The next year has arrived and a new release of Halebopp is due. That would be easy to manage if I had actually done anything in the past weeks. Since I have not, here is a list of things I want to address before the next release.

This is more like a laundry list for myself, so please don't be too disappointed about its formality.

  • I feel blocked by the impression that the app could already use some refactoring. Here are a few points of critique:
  • The song database wrapper is monolithic and can not be extended by components. Accessing objects in the database has to be individually written, although I know that it can be done in a more generic way. A solution would be to add support for transparent DB objects, which, based on a list of typed attributes, can serialize attribute changes to and from the database.
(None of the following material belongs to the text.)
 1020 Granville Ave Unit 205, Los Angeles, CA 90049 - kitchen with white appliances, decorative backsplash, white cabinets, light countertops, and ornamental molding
I call the class SQLRecordProxy. A class could inherit from SQLRecordProxy to be able to transparently access the database through its attributes. DONE
  • I do not feel comfortable at all with wave files being contained in the database. It makes debugging hard, and requires a non-SQL blob I/O interface. Doing this with raw binary files will simplify streaming and recording code, and makes auditing in an external program possible. Additionally, C++ code could access wave data without interfacing to Python. DONE
  • Importing a wave stalls the program for the time of loading. I need to import from streams, perhaps threaded.
  • Building wave visualizations can take a long time. This should be done in a thread as well.
  • I need rhythm in the program to make it useful. Q-grids will provide a facility to organize rhythm and tempo. SQLRecordProxy will ease the implementation of Q-grids. PARTIALLY DONE
  • It must be possible to duplicate clips.
  • Multiselection is whack and needs to be standardized and properly reflected visually.
  • I must find a good way to browse samples. If that isn't possible, allow drag and drop for samples at least.
Update: I am currently working on refactoring Halebopp as planned above, here are some remarks on implementation as I go along (just for housekeeping and showing off):
  • SQLRecordProxy was finally named SQLRecord, and works as described, there is a set of loose tests contained in the sqlobject module as well.
  • I chopped down the song database facade and used SQLRecord for waves, tracks and loops. The code is much easier to read and extend now. The song database has been renamed to "song.db2", because table structure is incompatible to earlier versions.
  • Waves and digest data have been moved from blobs to external .raw and .digest files stored in a /wavestore subfolder relative to the database. The files contain no header, just pure data, so the files size equals the length of the sample.
  • QGrids have a kind of visual representation, but are practically not editable at the moment, neither do they provide a metronome.

Sunday, December 14, 2008

Halebopp Kokino Released

It is done! The first alpha release of Halebopp, nicknamed "Kokino" is now available for the popular Ubuntu Linux platform.

Kokino is an ancient megalithic observatory in Macedonia, used to track the movement of sun and moon on the eastern horizon. Just like Kokino is one of the first primitive attempts of humans to touch the sky, our first release of Halebopp is meant to be only the first step of an ambitious project: a music composition application for everybody.

The source code is available at our development site at Google Code. If you need assistance or you want to take part in the development process, feel free to join the Halebopp Alpha Users Group. There are still 34 free seats left :)

Thanks to everybody who participated in this release!